Dartchery, you heard it here first

Hello again Lums,


Another Gold for Britain, YAY!
And another thing...


Policy dictates I'm not allowed to talk about work in a blog, and I wrote it, so its obviously a really important and relevant policy but I have a couple of things to say about sport IN A TOTALLY NON-OLYMPIC context you understand.


I'm probably a little put out because my suggestions for improving next years galaxy games by introducing Kerby were rejected out of hand.
I had it all worked out, a mock suburban street in the Olympic Park,  pavements, a regulation 6 yards apart with kerbs 6 inches high.  There would be parked vehicles that the football, or kerbyball (its really just a football) could get stuck under and occasionally traffic would come along and suspend play for a few seconds with the shout of CAR being given by whatever player was in possession.   It would be first to twenty, simple knock out.
The Americans would be rubbish because there roads are too wide and the African nations would struggle, given the absence of kerbs, it would be an easy couple of medals for us, a test of accuracy and skill.  Still, for whatever reason, they didn't go for it.
Or my invitation to consider revamping the cycle road races by allowing Dick Dastardly style tactics like changing direction signs or fake diversion notices, sprinkling drawing pins on the road or releasing slippy oil all over the road behind you, or my favourite, discretely chaining the back of a fancied opponents bike to a lamppost just before the off.
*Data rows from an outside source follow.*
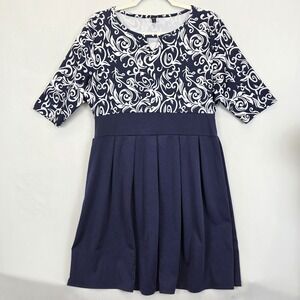 Cocoepps Dress Fit Flare Pleated Women 2XL Blue White Keyhole Midi Stretchy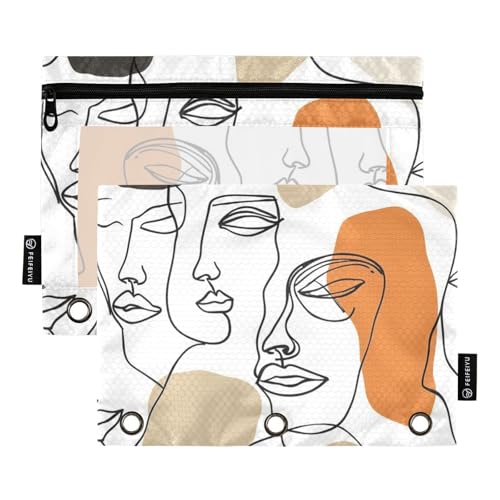 Fustylead Federmäppchen im minimalistischen Stil, abstraktes Gesicht, passend für Standard-3-Ring-Ordner, Reißverschluss-Bleistifttasche mit transparentem Fenster für Bürokosmetik, 2 Stück, mehrfarbig von Fustylead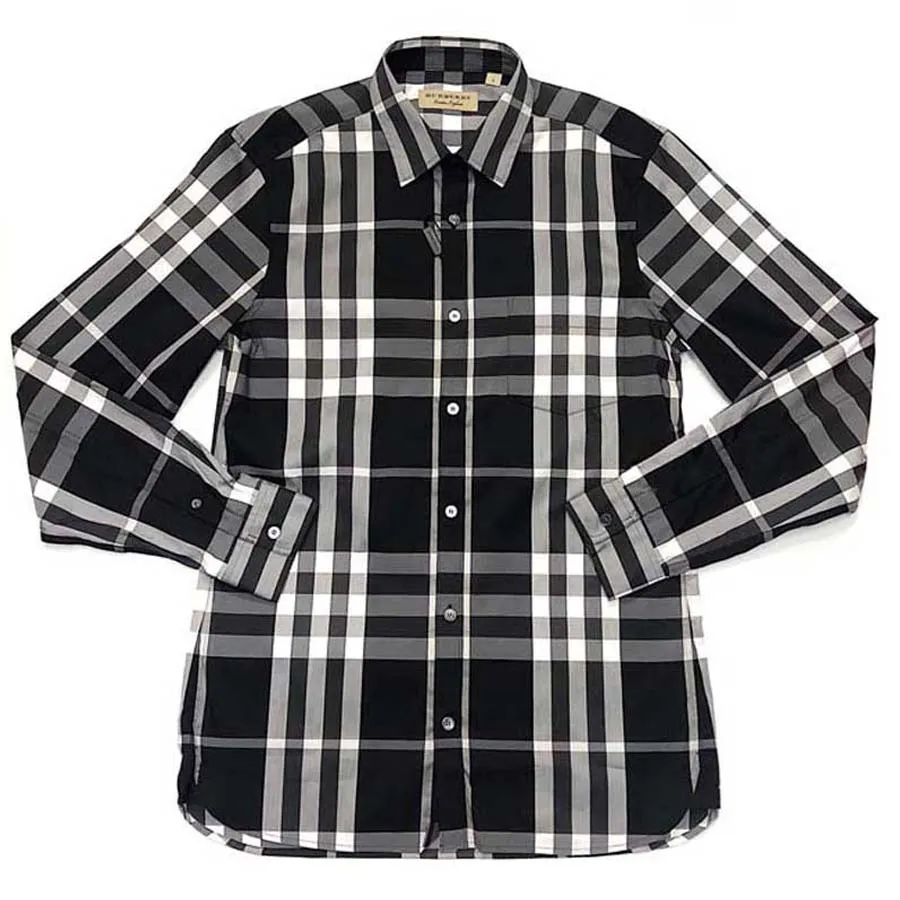 Áo Sơ Mi Burberry London England Long Sleeve Check Cotton Shirt In Black  Size XS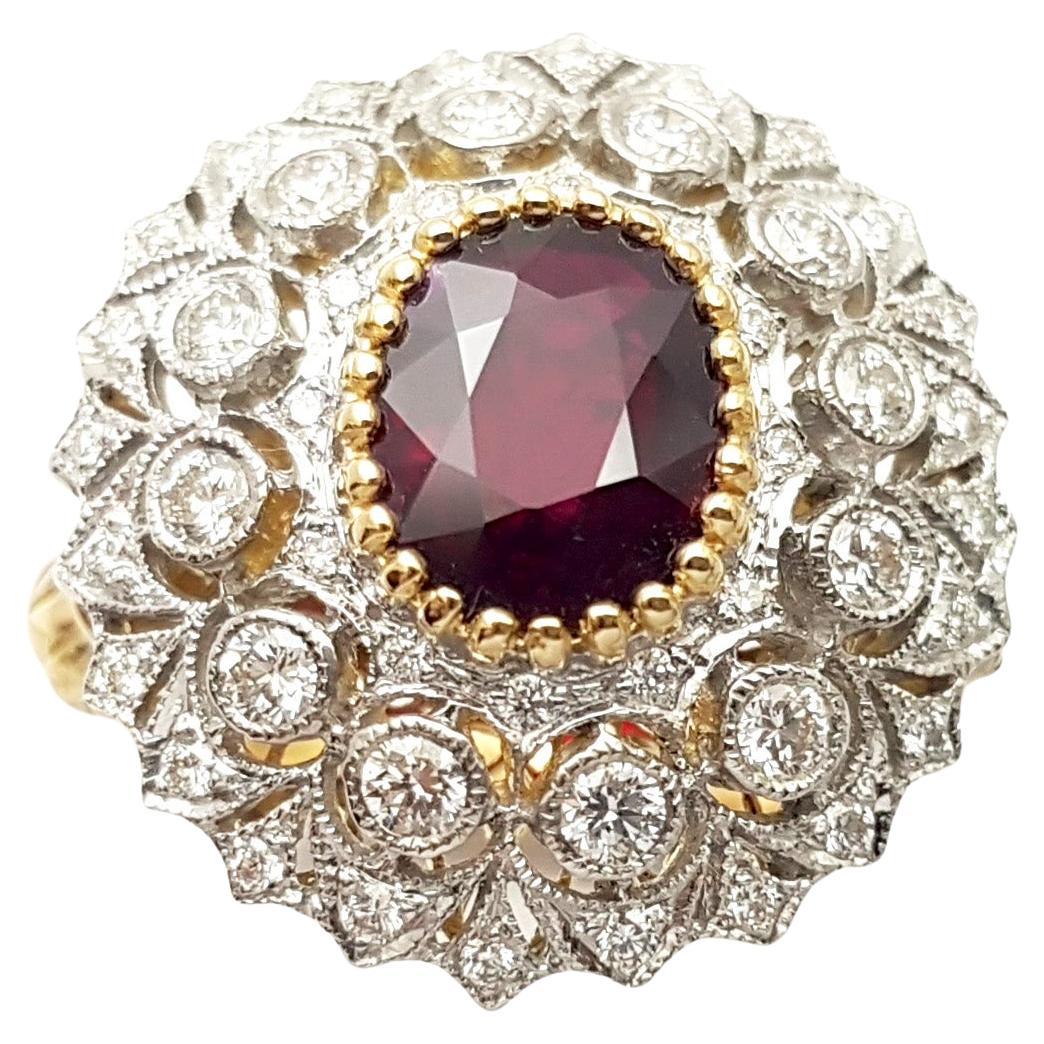 Ruby with Diamond Ring set in 18K Gold Settings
Think what a spectacle that would be. It would be nice to see the cyclists sporting big Victorian moustaches and the international teams turning up in their national stereotypes from about 1910, but that's optional


Undeterred, I have another idea, to improve an existing game rather than introduce a new one.
I got the idea when I went along to watch some archery and quickly realised how boring and pointless (HAHA pointless, get it?)  it is.  Not if your an archery fan I understand, but globally there are only about 112 of those, the rest of us are not getting that excited.
But don't worry sports fans , I have a plan.
We will keep the field of play the same, that is 70 odd metres from the target, the bows and arrows will be the same too so the archers don't need any new skills or anything.  No, what we are going to do is change the target into a big dart board.  It would need to be quite a big dart board of course, if we imagine the bulls eye to be about the size of a side plate, that will give you an idea how big it will need to be.  From there on, the rules of darts are heavily borrowed, subtraction from 501, a double finish, all that, I'd even bring back boozing on the sidelines.  Thanks to Miss S Jonesy Jones of Newport, I've got a name for it, "Dartchery".  The fans are happy, the television audience are happy, the sponsors will love it as it goes global on ESPN, even the players must be less bored and they get to drink beer and they can give themselves cool nicknames like er, thunderbolt, shaft ,bowfinger  and deadeye.


Build a big dart board and fire arrows at it and they will come....


If they don't go for this my last suggestion is for the chubby games, I got the inspiration for that from The Biggest Loser, it would be similar but kind of the opposite.